A behind-the-scenes effort to both protect Harpers Ferry National Historical Park from neighboring development and obtain land for a Museum of the National Park Service has been pulled off.
The complicated deal involved the purchase of 15 parcels of land encompassing 564 acres. The dollar-amount of the deal was not immediately announced, although details are expected to be forthcoming in the new few weeks.
In recent months there had been great concern that the so-called Old Standard Quarry property adjoining the park would be turned into a sprawling commercial center. However, this purchase effectively eliminates the current development proposals for not just the Old Standard Quarry property, but also for the Buglar’s Rest, Allstadt Corners, and Benview tracts.

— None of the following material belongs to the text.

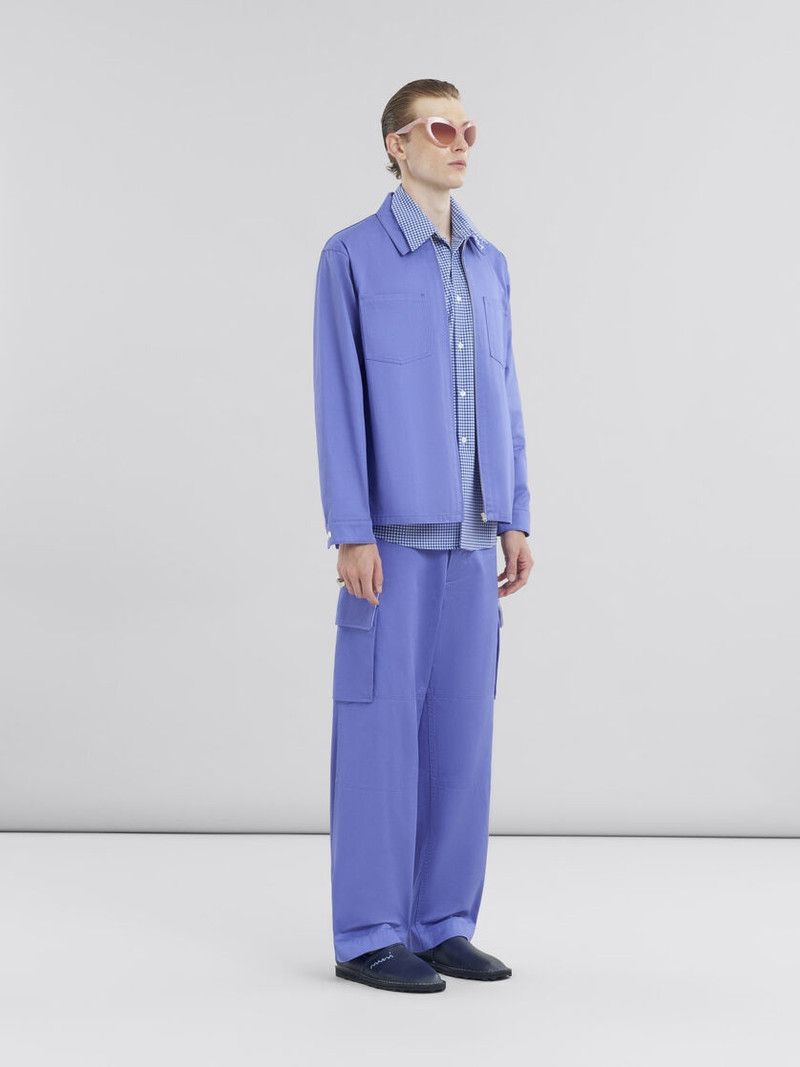 Marni o1f1d3z0326 Cargo Pants in Blue Size US 34 / EU 50 - 5 Thumbnail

Engineering the land deal was Concord Eastridge, a national player in putting together public-private partnerships. One of the company's affiliates, Stonewall Heights, LLC, consummated the purchases.
Under the deal, not only will much of the land that was purchased be protected by a conservation easement, but some will be set aside for the Museum of the National Park Service with an adjoining hotel and conference center.

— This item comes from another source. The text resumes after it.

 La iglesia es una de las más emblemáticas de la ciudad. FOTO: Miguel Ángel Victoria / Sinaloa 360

"This is a fantastic ending to what could easily have been a catastrophe for one of the most picturesque national parks in the country," says Civil War Preservation Trust President Jim Lighthizer. "My hat is off to the development group that has made this win-win solution possible. It is further evidence that preservation and development are not mutually exclusive, especially when both sides communicate in good faith."

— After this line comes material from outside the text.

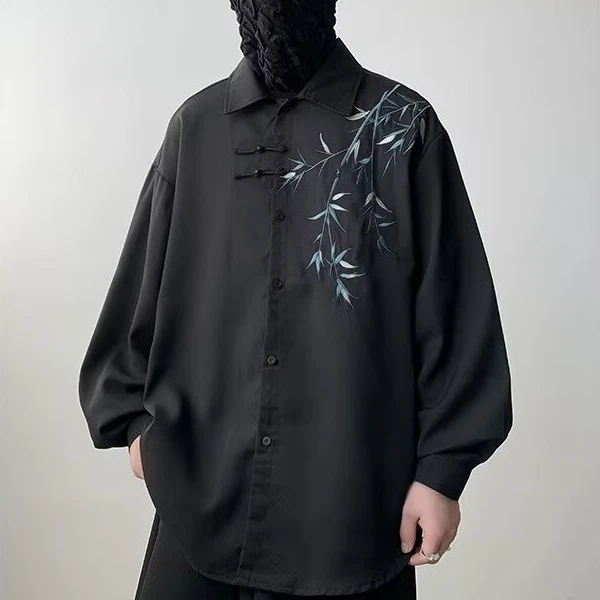 Autumn Winter plus Size Casual Long Sve Embroidered irt Men's Loose Fit Faionable Sensation Wind Button INS irt
Autumn Winter plus Size Casual Long Sve Embroidered irt Men's Loose Fit Faionable Sensation Wind Button INS irt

The Museum of the National Park Service had been recommended to be a keystone of the Bush administration's National Park Centennial Initiative. While it was absent from a list of 201 "eligible" centennial protects released back in August, there were rumblings that efforts were being made to see this facility materialize in time for the Park Service's centennial in 2016.
According to this week's announcement, the museum should be ready to open in 2009. It will house significant artifacts drawn from national parks and is expected to become the preeminent venue for the public to experience the diversity of America’s historic and scenic resources. Those familiar with the project say state-of-the-art multimedia and virtual reality displays could attract upwards to a million visitors a year.
The purchase comes after many months of sensitive negotiations between the consortium and local developers. Numerous local officials facilitated these discussions and endorsed the ultimate outcome as a major win-win for all parties and especially for Jefferson County, West Virginia.